The final chapter does not say much, but his argument is fairly self-evident. He says that when Nixon took the US dollar off the gold standard in 1972 that was marks a shift back towards a credit economy. This means we are heading away from the materialist ontology of national currencies. This links together various trends in the world today. There is the integration of national currencies into foreign exchange markets, along with widespread dollarization. And national currencies are getting replaced with the US dollar, the dollar itself is getting ever more connected to credit markets. For instance, it is being evaluated relative to US national debt, which is even more the case for other currencies. So currency itself is transforming into debt, which you could say it always was, but then the fact is becoming more salient. Then there is the opening of new credit markets that effect every person on the planet, from microcredit to complex derivatives. Beside all these economic transitions, there is the return of religion, particularly Islam, which is ending the age of secularism materialism. And there are people like David Graeber writing books that say human transactions in the next age of history will run on credit and not metallic currency! Of course, the gold-bug movement today is quite strong, but that may just be resistance to the pendulum of history.
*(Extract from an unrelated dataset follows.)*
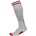 white/true red 31-34
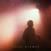 Disco de vinilo Felix Kramer - Live (LP)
The author seems to think the present violence in the world is a legacy of the metallic currencies of the modern period, and that the credit systems of the future will be more humane as they drift away from the zero-sum logic of monetarism. This opens some fascinating and hopeful lines of speculation concerning the future of credit and religion. It seems the credit system that predominates today (i.e. neoliberal finance) is getting discredited. But if we are moving into a general epoch of credit, then what sort of credit system might replace it? If the present system is being discredited specifically because of its exploitative interest rates, then the Islamic prohibition of usury could become significant. Maybe we’ll see the rise of some Islamic systems of credit, because they are a natural antithesis to the system that is on its way out. Then there is the question of what becomes of currency, and how quickly the changes take place. How long will the brutal monetarist ethics of calculation and high-interest rates persist? Are some populations demonetizing more quickly? Are human relations getting recodified by an ethics of non-calculative ludic reciprocity?